Our exploration program is directed at replacing mineral reserves as they are depleted by our production, and is key to sustaining our business. However, during this period of weak uranium prices, and as we have ample idled production capacity, we have reduced our spending to focus only on exploration near our existing operations where we have established infrastructure and capacity to expand.
Globally, we have land with exploration and development prospects that are among the best in the world, mainly in Canada, Australia, and the US. Our land holdings total about 0.8 million hectares (2 million acres). In northern Saskatchewan alone, we have direct interests in about 0.7 million hectares (1.8 million acres) of land covering many of the most prospective exploration areas of the Athabasca Basin.
Brownfield exploration is uranium exploration near our existing operations and includes expenses for advanced exploration on the evaluation of projects where uranium mineralization is being defined.
In 2020, we spent about $4 million on brownfields and advanced uranium projects in Saskatchewan and Australia. At the US operations we spent $1 million.
We spent about $8 million on regional exploration programs (including support costs), primarily in Saskatchewan’s Athabasca Basin.
Planning for the future
We will continue to focus on our core projects in Saskatchewan under our long-term exploration strategy. Long-term, we look for properties that meet our investment criteria. We may partner with other companies through strategic alliances, equity holdings and traditional joint venture arrangements. Our leadership position and industry expertise in both exploration and corporate social responsibility make us a partner of choice.
Currently, given the conditions in the uranium market, our extensive portfolio of reserves and resources and our belief that we have ample idle production capacity, our focus is on navigating by our investment-grade rating and preserving the value of our tier-one assets. We expect that these assets will allow us to meet rising uranium demand with increased production from our best margin operations and will help to mitigate risk in the event of prolonged uncertainty.
However, we continually evaluate investment opportunities within the nuclear fuel cycle that could add to our future supply options, support our sales activities, and complement and enhance our business in the nuclear industry.
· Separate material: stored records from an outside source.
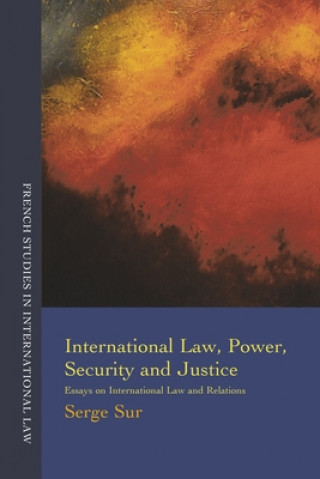 Könyv International Law, Power, Security and Justice Serge Sur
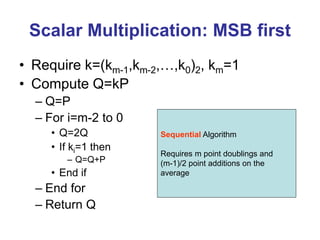Scalar Multiplication: MSB first
• Require k=(km-1,km-2,…,k0)2, km=1
• Compute Q=kP
– Q=P
– For i=m-2 to 0
• Q=2Q
• If ki=1 then
– Q=Q+P
• End if
– End for
– Return Q
Sequential Algorithm
Requires m point doublings and
(m-1)/2 point additions on the
average
 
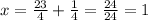 x= \frac{23}{4} + \frac{1}{4} = \frac{24}{24} = 1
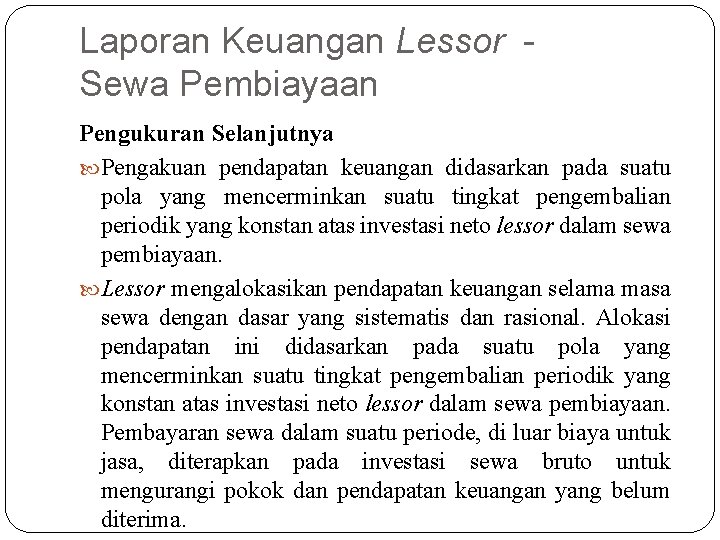 Laporan Keuangan Lessor Sewa Pembiayaan Pengukuran Selanjutnya Pengakuan pendapatan keuangan didasarkan pada suatu pola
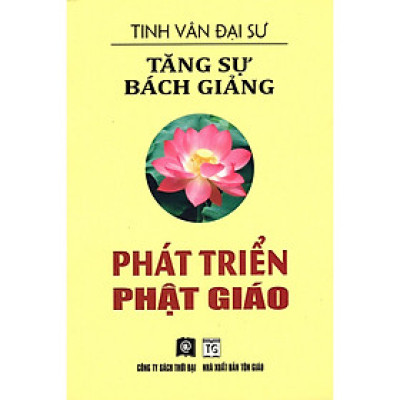 Sách - Tăng Sự Bách Giảng - Phát Triển Phật Giáo - Đại Sư Tinh Vân - Thời Đại Books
We will make an investment decision when an opportunity is available at the right time and the right price. We strive to pursue corporate development initiatives that will leave us and our shareholders in a fundamentally stronger position. As such, an investment opportunity is never assessed in isolation. Investments must compete for investment capital with our own internal growth opportunities. They are subject to our capital allocation process described in the strategy section of our 2020 Q4 MD&A, starting on page 17.